Source material:
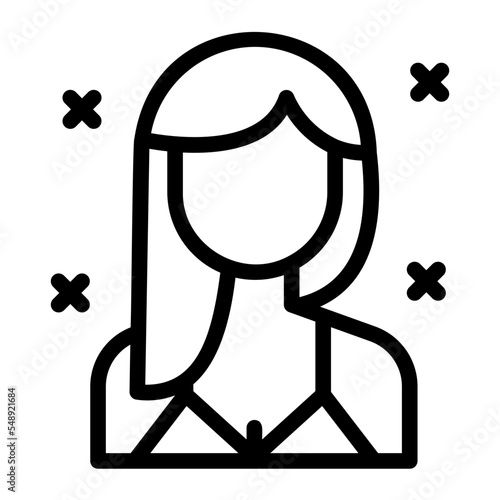 influencer line icon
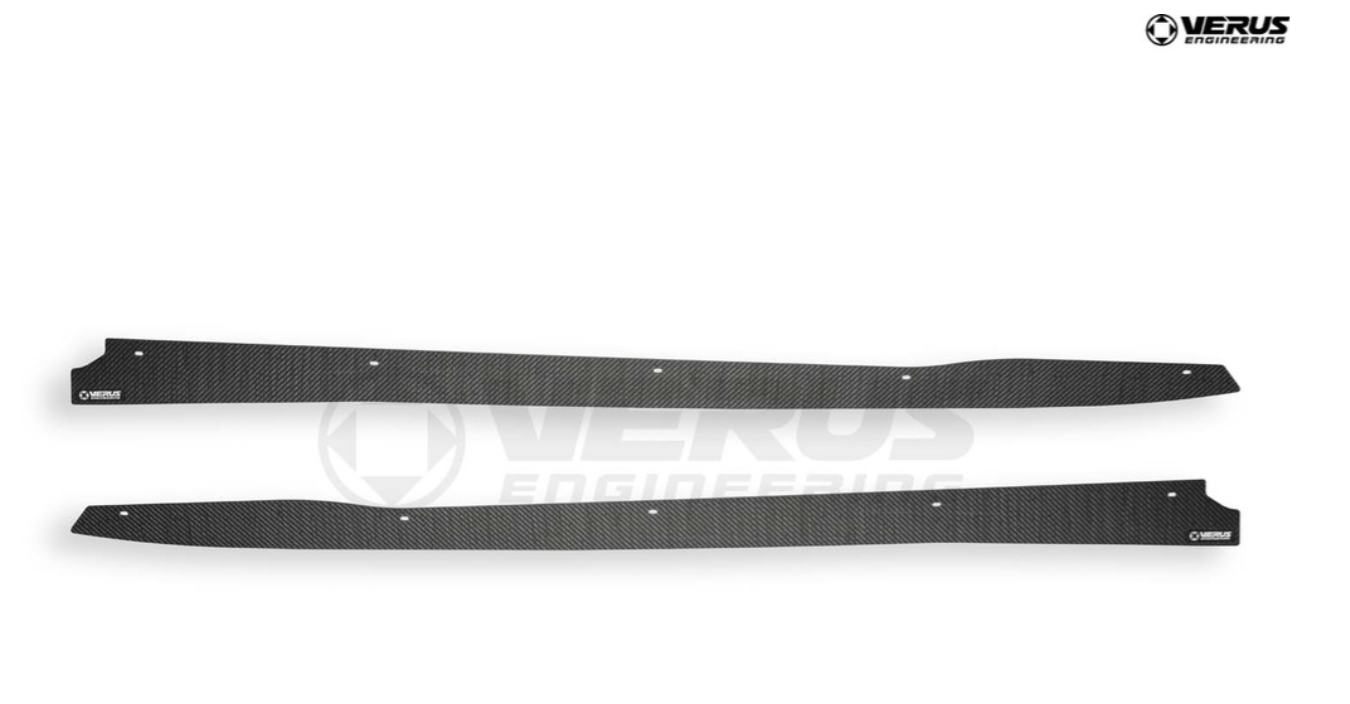 Carbon Polyweave Side Splitter Kit - Mk5 Toyota Supra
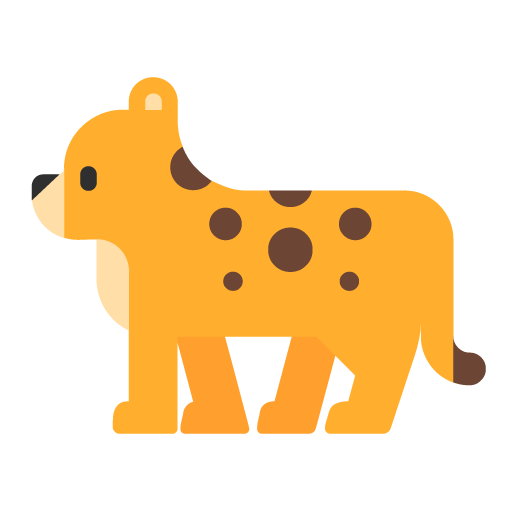 Leopard as drawn by Microsoft in Windows 11 22H2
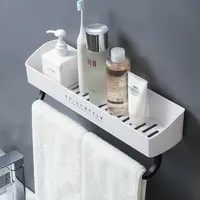High Quality Vacuum Suction Cup Basket Bathroom Storage Corner Holder Shower Caddy Cosmetic Holder Bathroom Organizer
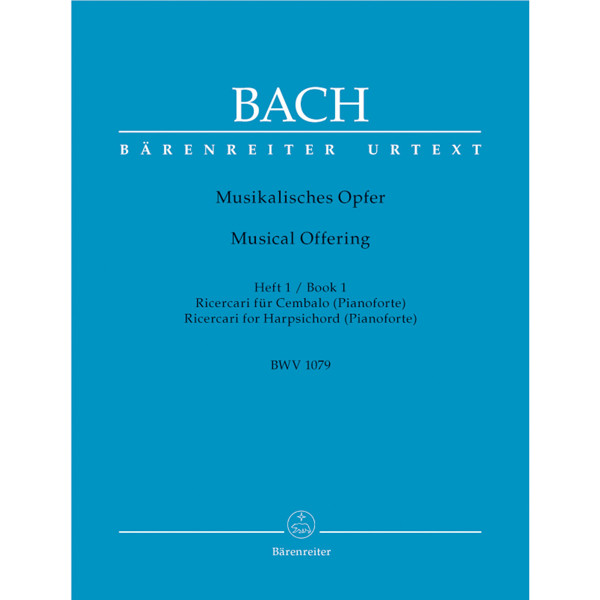 Musical Offering in C minor BWV 1079, Vol. 1, Piano, Johann Sebastian Bach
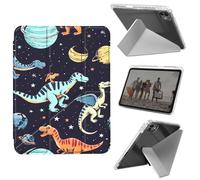 for iPad Pro 13 Inch Case M4 2024 7th Generation,Shockproof Clear with Pencil Holder Folding Y Shape Stand Case for iPad Pro 13 Inch M4 2024 7th Gen,Planet Dinosaur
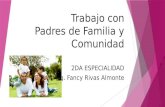 Trabajo con padres de familia y comunidad  capitulo 1- 2 da esp-2015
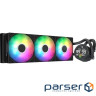 Система водяного охлаждения AeroCool Abyss L360R Digi Black (ACLA-AD36117.11), Intel: 1851/1700/1200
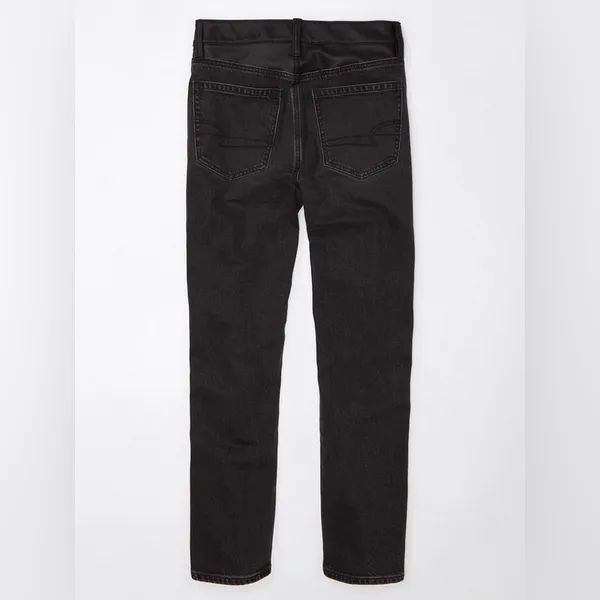 American Eagle Vegan Leather Ankle Straight Jean Size 4 Short New with tags - Image 6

Task brief: Extract only the lines from the line containing "for iPad Pro 13 Inch Case" through the final line of the listing above, unchanged; pictures stay out of the copy.

Output for this task:
 for iPad Pro 13 Inch Case M4 2024 7th Generation,Shockproof Clear with Pencil Holder Folding Y Shape Stand Case for iPad Pro 13 Inch M4 2024 7th Gen,Planet Dinosaur
 Trabajo con padres de familia y comunidad  capitulo 1- 2 da esp-2015
 Система водяного охлаждения AeroCool Abyss L360R Digi Black (ACLA-AD36117.11), Intel: 1851/1700/1200
 American Eagle Vegan Leather Ankle Straight Jean Size 4 Short New with tags - Image 6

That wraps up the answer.